What to produce >> Output the listing word for word, minus images.

-------- Data block

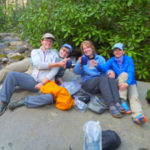 A group of 4 ladies relaxing on a large boulder.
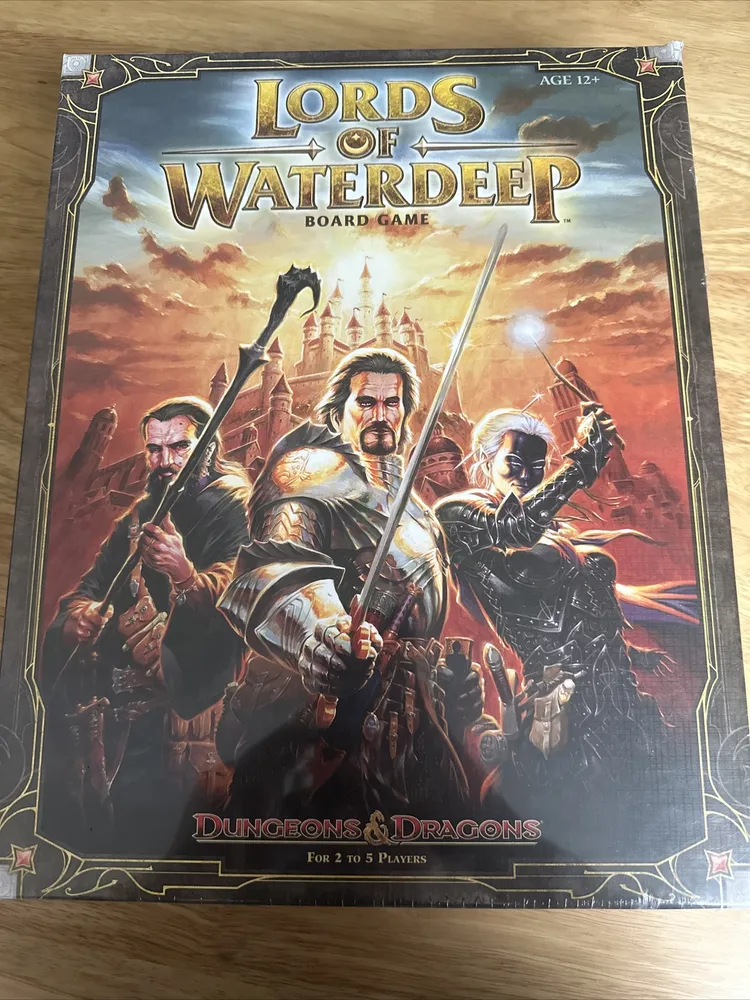 A "Lords of Waterdeep" board game box featuring illustrated fantasy characters prepared for battle, with the Dungeons & Dragons logo at the bottom, indicating that the game is for 2 to 5 players and suitable for ages 12 and up.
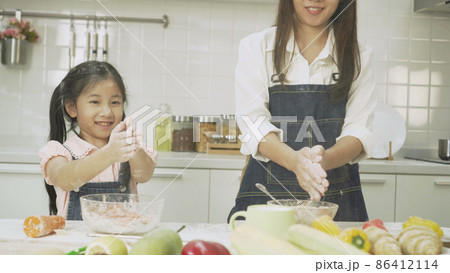 young mother, and daughter little prepare wheat flour to bake bread 86412114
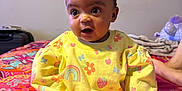 Nova joined the competition — help win amazing prizes! baby, child, yellow_outfit, bows, hair_bows, rainbow_pattern, strawberry_pattern, bedspread, colorful, indoor, sitting, curious, person, foot, hand, head, face, expression, wall_decoration, cozy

----------------

Answer box >>
 A group of 4 ladies relaxing on a large boulder.
 A "Lords of Waterdeep" board game box featuring illustrated fantasy characters prepared for battle, with the Dungeons & Dragons logo at the bottom, indicating that the game is for 2 to 5 players and suitable for ages 12 and up.
 young mother, and daughter little prepare wheat flour to bake bread 86412114
 Nova joined the competition — help win amazing prizes! baby, child, yellow_outfit, bows, hair_bows, rainbow_pattern, strawberry_pattern, bedspread, colorful, indoor, sitting, curious, person, foot, hand, head, face, expression, wall_decoration, cozy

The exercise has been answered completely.